This is the third post in my series where I lay out my favorite interview questions I used to ask at Google until they were leaked and banned. This post is a continuation of the first one, so if you haven’t taken a look yet, I recommend you read it first and come back. If you don’t feel like it, I’ll still do my best to make this post sensible, but I still recommend reading the first one for some background.

Join our discord to discuss these problems with the author and the community!

First, the obligatory disclaimer: while interviewing candidates is one of my professional responsibilities, this blog represents my personal observations, my personal anecdotes, and my personal opinions. Please don’t mistake this for any sort of official statement by or about Google, Alphabet, or any other person or organization.

Apologies for the delay, by the way. In the time since I published the first part of this series, I’ve gone through a number of (very positive) changes in my life, and as a result writing sort of fell by the wayside for a while. I’ll share what I can as things become public.

This post goes way above and beyond what I would expect to see during a job interview. I’ve personally never seen anyone produce this solution, and I only know it exists because my colleague mentioned that the best candidate he had ever seen had blasted through the simpler solutions and spent the rest of the interview trying to develop this one. Even that candidate failed, and I only arrived at this solution after weeks of on-again, off-again pondering. I’m sharing this with you for your curiosity and because I think it’s a cool intersection of mathematics and programming.

With that out of the way, allow me to reintroduce the question:

The Question

Imagine you place a knight chess piece on a phone dial pad. This chess piece moves in an uppercase “L” shape: two steps horizontally followed by one vertically, or one step horizontally then two vertically:

Image for post

Suppose you dial keys on the keypad using only hops a knight can make. Every time the knight lands on a key, we dial that key and make another hop. The starting position counts as being dialed. How many distinct numbers can you dial in N hops from a particular starting position?
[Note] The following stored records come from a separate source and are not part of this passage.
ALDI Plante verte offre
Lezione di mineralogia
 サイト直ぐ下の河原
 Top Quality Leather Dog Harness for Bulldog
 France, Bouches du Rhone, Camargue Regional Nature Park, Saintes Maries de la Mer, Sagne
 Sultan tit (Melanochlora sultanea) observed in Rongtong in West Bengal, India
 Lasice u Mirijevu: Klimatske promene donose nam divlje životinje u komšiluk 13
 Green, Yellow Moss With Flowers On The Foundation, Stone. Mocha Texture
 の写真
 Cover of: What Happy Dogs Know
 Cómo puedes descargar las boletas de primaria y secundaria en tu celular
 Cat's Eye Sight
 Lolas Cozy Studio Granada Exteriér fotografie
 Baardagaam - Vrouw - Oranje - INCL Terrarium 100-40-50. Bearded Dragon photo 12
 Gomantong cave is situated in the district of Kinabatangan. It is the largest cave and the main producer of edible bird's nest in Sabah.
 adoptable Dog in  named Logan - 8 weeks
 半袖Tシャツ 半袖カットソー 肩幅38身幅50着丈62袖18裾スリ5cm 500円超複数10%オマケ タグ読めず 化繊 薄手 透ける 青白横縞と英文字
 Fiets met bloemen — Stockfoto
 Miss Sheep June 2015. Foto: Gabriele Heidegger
At the end of the previous post, we had developed a solution that solves this problem in linear time (as a function of the number of hops we’d like to make), and requires constant space. This is pretty good. I used to give a “Strong Hire” to candidates who were able to develop and implement the final solution from that post. However, it turns out we can do better if we use a little math…

Adjacency Lists

The crucial insight of the solutions in the previous post involved framing the number pad as a graph in which each key is a node and the knight’s possible next hops from a key are that node’s neighbors:

Image for post

In code, this can be represented as follows:

NEIGHBORS_MAP = {
  0: (4, 6),
  1: (6, 8),
  2: (7, 9),
  3: (4, 8),
  4: (3, 9, 0),
  5: tuple(),  # 5 has no neighbors
  6: (1, 7, 0),
  7: (2, 6),
  8: (1, 3),
  9: (2, 4),
}

This is a fine representation for a number of reasons. First off, it’s compact: we represent only the nodes and edges that exist in the graph (I include number 5 for completeness, but we can remove it without any repercussions). Second off, it’s efficient to access: we can get the set of neighbors in constant time via a map lookup, we can iterate over all neighbors of a particular node in time linear to the number of neighbors by iterating over the result of that lookup. We can also easily modify this structure to determine the existence of an edge in constant time by using a sets instead of tuples.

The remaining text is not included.